The other times I go for paper over e-books without even thinking about doing otherwise are when I already have the rest of the series in paper form (often even in hardcover format), such as with the novels by Mercedes Lackey, J.R. Ward, Patricia Briggs or Kylie Chan. Although, I will admit to duplicating the first of Kylie Chan's books (White Tiger) for the Kobo, as well as having it in paper. The price was too good.

Those are all the reasons I've gone for paper over e-books, so now to go the other way:
The book's just plain not available anywhere around in paper format (Stray by Rachel Vincent. It wasn't even in the local libraries).

Or, there's the e-book only cases: Ravens of Falkenau comes to mind there, Jo Graham's book of short stories. A lot of authors seem to have short stories available as e-books, which is another plus.

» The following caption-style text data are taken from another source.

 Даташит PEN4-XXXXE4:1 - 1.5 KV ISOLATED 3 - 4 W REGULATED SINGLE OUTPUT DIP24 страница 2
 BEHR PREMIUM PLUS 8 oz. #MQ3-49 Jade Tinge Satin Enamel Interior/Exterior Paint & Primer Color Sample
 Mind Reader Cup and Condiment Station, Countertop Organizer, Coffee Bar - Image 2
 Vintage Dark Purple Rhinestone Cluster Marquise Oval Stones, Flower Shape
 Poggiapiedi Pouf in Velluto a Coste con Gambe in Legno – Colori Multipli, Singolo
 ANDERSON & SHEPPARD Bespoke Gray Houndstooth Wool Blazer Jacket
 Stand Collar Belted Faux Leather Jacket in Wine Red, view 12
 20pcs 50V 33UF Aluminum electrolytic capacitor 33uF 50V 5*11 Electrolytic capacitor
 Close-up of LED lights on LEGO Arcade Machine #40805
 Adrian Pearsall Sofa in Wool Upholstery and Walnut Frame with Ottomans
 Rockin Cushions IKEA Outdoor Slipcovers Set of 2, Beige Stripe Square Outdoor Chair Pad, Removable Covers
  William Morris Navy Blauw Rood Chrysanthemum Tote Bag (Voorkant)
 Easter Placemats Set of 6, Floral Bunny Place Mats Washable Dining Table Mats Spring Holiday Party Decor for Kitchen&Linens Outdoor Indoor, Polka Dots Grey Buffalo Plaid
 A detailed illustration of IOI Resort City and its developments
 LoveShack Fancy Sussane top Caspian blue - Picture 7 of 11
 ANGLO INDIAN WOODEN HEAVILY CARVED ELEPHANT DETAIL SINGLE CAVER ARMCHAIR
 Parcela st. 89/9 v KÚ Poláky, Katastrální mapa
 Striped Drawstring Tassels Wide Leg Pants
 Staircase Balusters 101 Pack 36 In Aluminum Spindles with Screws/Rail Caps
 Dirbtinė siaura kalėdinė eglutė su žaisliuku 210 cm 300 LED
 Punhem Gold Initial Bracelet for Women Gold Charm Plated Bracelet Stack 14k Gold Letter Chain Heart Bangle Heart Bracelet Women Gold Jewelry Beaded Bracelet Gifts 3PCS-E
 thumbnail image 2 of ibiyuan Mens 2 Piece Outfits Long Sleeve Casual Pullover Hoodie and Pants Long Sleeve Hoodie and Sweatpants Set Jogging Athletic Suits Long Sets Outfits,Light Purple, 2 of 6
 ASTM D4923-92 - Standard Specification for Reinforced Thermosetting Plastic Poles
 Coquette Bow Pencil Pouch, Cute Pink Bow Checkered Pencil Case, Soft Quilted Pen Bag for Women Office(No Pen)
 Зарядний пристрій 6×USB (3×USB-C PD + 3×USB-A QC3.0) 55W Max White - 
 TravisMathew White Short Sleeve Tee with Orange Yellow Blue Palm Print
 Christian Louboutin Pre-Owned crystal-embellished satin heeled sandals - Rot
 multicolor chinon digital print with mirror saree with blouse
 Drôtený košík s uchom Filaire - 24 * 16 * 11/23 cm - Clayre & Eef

And, you can't forget all of the free e-books available. Be they limited time promotions or permanently free. I've found quite a few good ones now and again.

The biggest reason is, of course Travel. That's where the e-book readers really shine. Especially if you're a faster reader. It's ridiculous to take a stack of four or five books with you with the costs and restrictions on luggage. With the e-reader, that's all you need, along with maybe one book for the plane (for the times they ask you to power down the e-reader). Much less of a space requirement.

So, for me, I'm not ready to commit to one format over the other (and my ability to read e-books continues to expand, as I an now able to read kindle books on my e-reader, as well as Kobo.

What are your preferences for books? paper or e-books?


Anonymous said...

Good post. Like you I don't think that eBooks compete with paper books. They are just another delivery method to get the product to the consumer.

Of course, they could be a bit cheaper.

Unknown said...

Which is why for the real keepers I'm going to stick with paper. Besides, that way if there's something like a power outage, I can still read for a long time.